===== INFORMATION =====

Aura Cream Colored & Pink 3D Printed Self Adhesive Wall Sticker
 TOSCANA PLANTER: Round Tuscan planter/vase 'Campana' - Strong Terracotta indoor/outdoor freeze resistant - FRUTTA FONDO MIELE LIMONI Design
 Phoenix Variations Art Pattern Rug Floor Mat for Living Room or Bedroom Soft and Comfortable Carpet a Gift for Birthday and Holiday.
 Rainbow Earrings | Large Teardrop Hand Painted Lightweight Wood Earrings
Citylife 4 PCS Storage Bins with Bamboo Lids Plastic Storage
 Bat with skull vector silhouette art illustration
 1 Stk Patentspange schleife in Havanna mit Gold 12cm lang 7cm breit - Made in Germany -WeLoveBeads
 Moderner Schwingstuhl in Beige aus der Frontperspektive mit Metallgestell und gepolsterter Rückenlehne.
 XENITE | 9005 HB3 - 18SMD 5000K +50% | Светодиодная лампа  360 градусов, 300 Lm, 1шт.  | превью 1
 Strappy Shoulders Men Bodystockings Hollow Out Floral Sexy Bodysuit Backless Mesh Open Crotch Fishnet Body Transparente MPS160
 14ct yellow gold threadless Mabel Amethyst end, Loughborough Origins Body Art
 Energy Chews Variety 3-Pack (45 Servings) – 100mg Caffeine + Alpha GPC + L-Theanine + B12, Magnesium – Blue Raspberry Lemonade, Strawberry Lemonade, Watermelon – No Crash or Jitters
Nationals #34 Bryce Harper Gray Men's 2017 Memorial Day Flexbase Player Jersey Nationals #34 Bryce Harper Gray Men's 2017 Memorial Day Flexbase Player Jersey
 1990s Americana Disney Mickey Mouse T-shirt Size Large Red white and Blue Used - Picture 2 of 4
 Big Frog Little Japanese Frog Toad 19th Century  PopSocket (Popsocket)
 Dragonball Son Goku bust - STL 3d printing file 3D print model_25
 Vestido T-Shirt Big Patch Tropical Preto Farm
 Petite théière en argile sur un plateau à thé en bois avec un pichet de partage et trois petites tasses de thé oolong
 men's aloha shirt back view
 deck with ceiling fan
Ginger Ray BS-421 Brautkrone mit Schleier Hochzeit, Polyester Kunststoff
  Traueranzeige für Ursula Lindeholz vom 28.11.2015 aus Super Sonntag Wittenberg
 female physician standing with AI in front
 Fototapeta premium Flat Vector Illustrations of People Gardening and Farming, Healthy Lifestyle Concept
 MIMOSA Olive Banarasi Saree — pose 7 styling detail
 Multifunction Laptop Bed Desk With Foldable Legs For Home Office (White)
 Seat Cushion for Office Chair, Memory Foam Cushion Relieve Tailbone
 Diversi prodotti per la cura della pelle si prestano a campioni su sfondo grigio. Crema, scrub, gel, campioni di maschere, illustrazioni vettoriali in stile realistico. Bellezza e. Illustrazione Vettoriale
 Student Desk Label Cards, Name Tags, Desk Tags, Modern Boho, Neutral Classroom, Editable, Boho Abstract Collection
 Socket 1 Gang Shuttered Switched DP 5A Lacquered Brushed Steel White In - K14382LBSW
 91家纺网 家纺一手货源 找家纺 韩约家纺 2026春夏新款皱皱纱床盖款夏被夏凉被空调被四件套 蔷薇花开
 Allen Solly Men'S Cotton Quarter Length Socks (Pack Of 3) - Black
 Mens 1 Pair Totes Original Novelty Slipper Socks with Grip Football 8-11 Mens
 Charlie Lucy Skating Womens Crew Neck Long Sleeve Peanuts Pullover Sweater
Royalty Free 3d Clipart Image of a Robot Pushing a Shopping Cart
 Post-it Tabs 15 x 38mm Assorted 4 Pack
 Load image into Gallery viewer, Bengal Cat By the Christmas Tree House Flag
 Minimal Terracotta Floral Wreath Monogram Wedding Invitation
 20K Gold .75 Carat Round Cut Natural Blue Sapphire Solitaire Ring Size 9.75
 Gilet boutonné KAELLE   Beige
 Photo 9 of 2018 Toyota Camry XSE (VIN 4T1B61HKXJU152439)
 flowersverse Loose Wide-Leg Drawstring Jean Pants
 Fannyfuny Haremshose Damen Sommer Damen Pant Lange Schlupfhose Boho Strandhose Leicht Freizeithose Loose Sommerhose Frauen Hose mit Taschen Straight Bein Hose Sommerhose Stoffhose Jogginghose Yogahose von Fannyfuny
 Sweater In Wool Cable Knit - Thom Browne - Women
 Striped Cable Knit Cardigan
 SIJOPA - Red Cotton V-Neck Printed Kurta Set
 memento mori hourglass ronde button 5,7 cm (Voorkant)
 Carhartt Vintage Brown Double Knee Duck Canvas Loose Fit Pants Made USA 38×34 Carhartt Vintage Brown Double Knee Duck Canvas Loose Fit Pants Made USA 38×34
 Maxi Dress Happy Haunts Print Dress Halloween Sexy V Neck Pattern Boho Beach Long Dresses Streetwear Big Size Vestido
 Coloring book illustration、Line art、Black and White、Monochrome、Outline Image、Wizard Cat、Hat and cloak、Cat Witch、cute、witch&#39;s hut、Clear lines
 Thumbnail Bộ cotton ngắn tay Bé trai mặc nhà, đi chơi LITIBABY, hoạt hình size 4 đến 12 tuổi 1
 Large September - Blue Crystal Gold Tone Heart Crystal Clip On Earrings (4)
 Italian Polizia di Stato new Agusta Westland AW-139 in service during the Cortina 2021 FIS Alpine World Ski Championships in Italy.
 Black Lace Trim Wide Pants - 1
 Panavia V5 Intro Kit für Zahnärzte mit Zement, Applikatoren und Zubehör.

=====

• [WHAT IS NEEDED]:
Copy out every line of the data where the word "Neck" occurs.

• [FINISHED EXERCISE]:
 Charlie Lucy Skating Womens Crew Neck Long Sleeve Peanuts Pullover Sweater
 SIJOPA - Red Cotton V-Neck Printed Kurta Set
 Maxi Dress Happy Haunts Print Dress Halloween Sexy V Neck Pattern Boho Beach Long Dresses Streetwear Big Size Vestido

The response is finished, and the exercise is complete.